4.1 DESCRIPTIVE STATISTICS | Sharksavewriters

4.0 CHAPTER

Updated chapter 4

4.1 DESCRIPTIVE STATISTICS

Used to shade light into the basic features of the data in a research and provide simple summaries. Help us to simply large amounts into an under stable way. The following is the descriptive statistics for Safaricom share prices

STATISTIC VALUE

Mean 15.26305

minimum 5.3

1st quarter 12.2

median 15.55

3rd quarter 18.4

Maximum 28.0

variance 28.2893

Standard deviation(volatility) 5.318769

Range 22.7

4.2 BOX PLOTS OF SAFARICOM SHARE PRICES

Thestudy conducted quarterly box plots for each year for five years and compared the various box plots. Box plots are five number summary (minimum,1st quartile, median,3rd quartile and maximum value) and they are used to identify outliers in the dataset. They are also used to determine skewness and the degree of dispersion. The following are various box plots for our share returns.

BOXPLOT 2013 QUARTERLY

BOXPLOT 2014 QUARTERLY

BOXPLOT 2015 QUARTERLY

BOXPLOT 2016 QUARTERLY

BOXPLOT 2017 QUARTERLY

The above figures represent the boxplots for years 2013,2014,2015,2016 and 2017.

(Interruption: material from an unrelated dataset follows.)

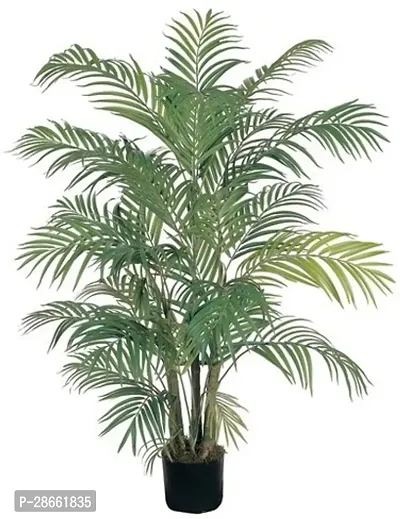 Corofitam Areca Palm Areca Palm Plant A31-thumb0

We considered the first quarters for each year and compared. Clearly, 2017 had the highest mean, followed by 2016,2015,2014 and 2013 respectively.

Observing the skewness,2013,2014 has a positive skewness while 2015,2016 and 2017 were negatively skewed as confirmed by the plot of the density of the first quarter.

For the second quarter ,the study considered the second quarters for each year and compared them. Clearly, 2017 had the highest mean, followed by 2016,2015,2014 and 2013 respectively.

Observing the skewness,2013,2014 has a negative skewness while 2015,2016 has a positive skewness and 2017 has a negative skewness as confirmed by the plot of the density of the second quarter

The study also considered the third quarters for each year and compared them. Clearly, 2017 had the highest mean, followed by 2016,2015,2014 and 2013 respectively.

Observing the skewness,2013 has a positive skewness while 2014,2015 and 2016 has a negative skewness and 2017 has a positive skewness as confirmed by the plot of the density of the third quarter

The study also considered the fourth quarters for each year and compared them. Clearly, 2017 had the highest mean, followed by 2016,2015,2014 and 2013 respectively.

Observing the skewness,2013 has a positive skewness while 2014,2015,2016 and 2017 had a negative skewness as confirmed by the plot of the density of the fourth quarter.

4.3 TIME PLOT OF SAFARICOM SHARE PRICES

We conducted a time plot of Safaricom share prices. The test was done to establish whether the prices were non-stationary or not. The figure below shows our time plot.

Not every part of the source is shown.